While Dik enjoyed hitting the ball a long way, he admitted that running was not his cup of tea, which is why he initially never took to bowling. But when he did, he delivered fast leg cutters with an unconventional grip, and this posed a serious problem to batsmen. Very quickly, Dik was too good for local cricket or the Dadabhay inter-provincial tournament.
It was then that Damoo Bandsa, a cricket tragic in the region, wrote letters to clubs in England telling them of Dik’s exploits. Enfield, in the Lancashire League, showed interest and offered 600 pounds for a season, but they would not front up for Dik’s ticket to the United Kingdom. Nevertheless, the offer was taken up, and this time, the rest really is history.
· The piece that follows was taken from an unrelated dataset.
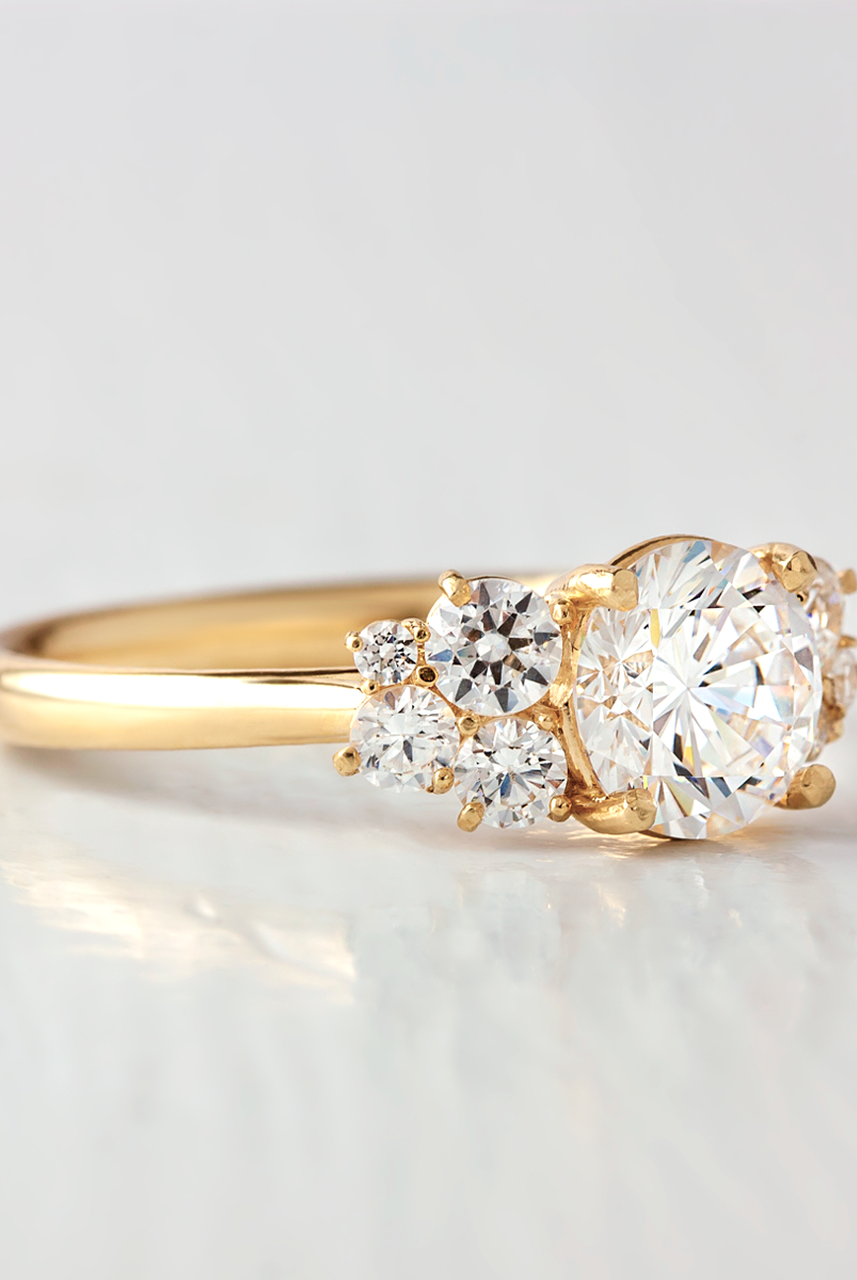 1.0CT Round Cluster Moissanite Diamond Solitaire Engagement Ring In Solid Gold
Even if it’s not a significant part of South Africa’s history.
In his second season, Dik took 120 wickets at 8.76 and led Enfield to their first league title in 25 years. When Dik retired from league cricket in 1976, he had taken 855 wickets at 10.27 and scored 5271 runs at an average of 27.77. Those numbers are staggering. And if you think they are an aberration, or perhaps that of someone who played a grade of cricket well lower than he could have, consider this: Dik was eventually voted as one of the all-time greats of Enfield, ahead of Sir Clyde Walcott, Conrad Hunte, and Madan Lal, who all played for the club with distinction.
Naturally, when he was ruling the roost in the Lancashire League, Dik received several trials from County sides. But, it was only later that he came to know that none of these was genuine, as there had been an unofficial diktat from the highest cricketing powers in the land, not to take him in, as this could lead to another D’ Oliveira situation.
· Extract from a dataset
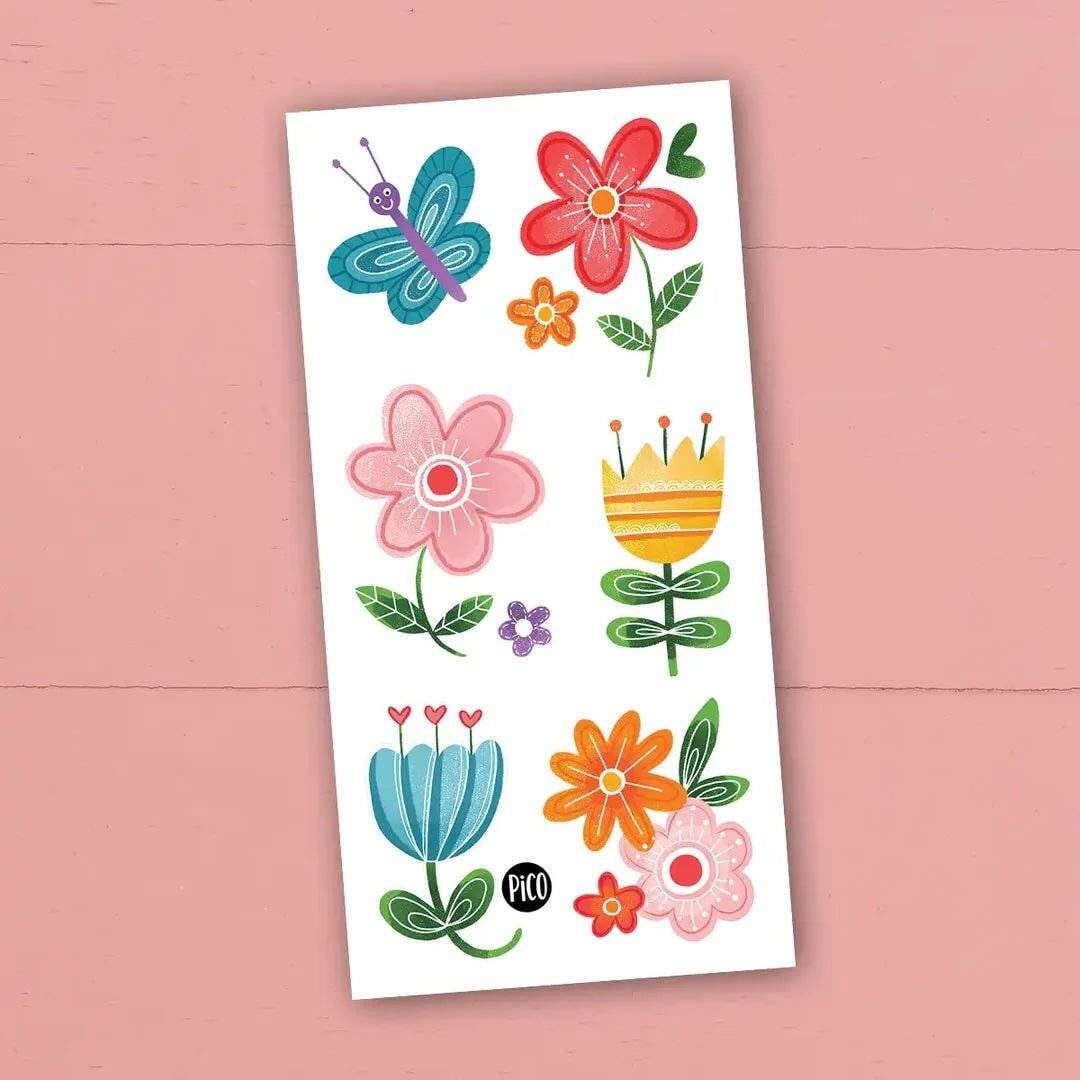 Tatouage temporaire jolies fleurs Pico Mlle et Coco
But, it did not end here. In 1970, Dik received an invitation to be a part of a Springbok team touring Australia, along with Owen Williams, a left-arm spinner rated highly, another Saboc legend. “I refused to go as a glorified baggage master,” Williams said. This was a reference, but it was clear that the two coloured players were only being taken along because the tour was under threat of being called off in reaction to South Africa’s apartheid policies.
Dik declined the invitation, as did Williams, and the tour never happened. Just when you think it was all over, Dik was back in the thick of things when he asked for press accreditation at Newlands for the Test against the visiting Australians in 1970. The press box at the ground was out of bounds for coloured people, so he was given a small table and a seat in the Railway Stand, where “non-European people” were allowed to watch the game from.
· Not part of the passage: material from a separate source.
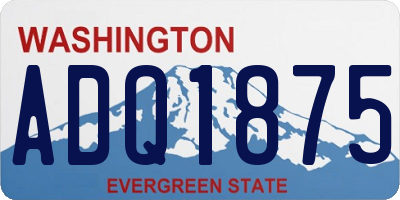 WA license plate ADQ1875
Today, if you go to Bo Kaap, just minutes from Muir Street where Dik grew up, there are signs of gentrification everywhere. The cobbled stone roads are lined with colourful houses, the kind you might find in some quaint town in Europe. Homes that were traditionally owned by Cape Malays, in the streets surrounding the Ouwal Mosque, constructed in 1794, recognised as the first in South Africa, are now selling for millions of rand.
There are people of all hues moving into what is becoming a chic neighbourhood, with Signal Hill right there and dramatic views of the waterfront at one end, the city in the middle and magnificent Table Mountain at the other. Today, there are kids who live in Bo Kaap, who play cricket on the manicured fields of the privately funded Diocesan College, commonly known as Bishops, in the leafy suburb of Rondebosch and have a pathway to playing for the Proteas, something Dik could not even dream of.
But, the sadness in all this, is that there isn’t one statue of Suleiman Dik Abed, anywhere to be seen. And this is because history, often, is not what is written, but what is left out.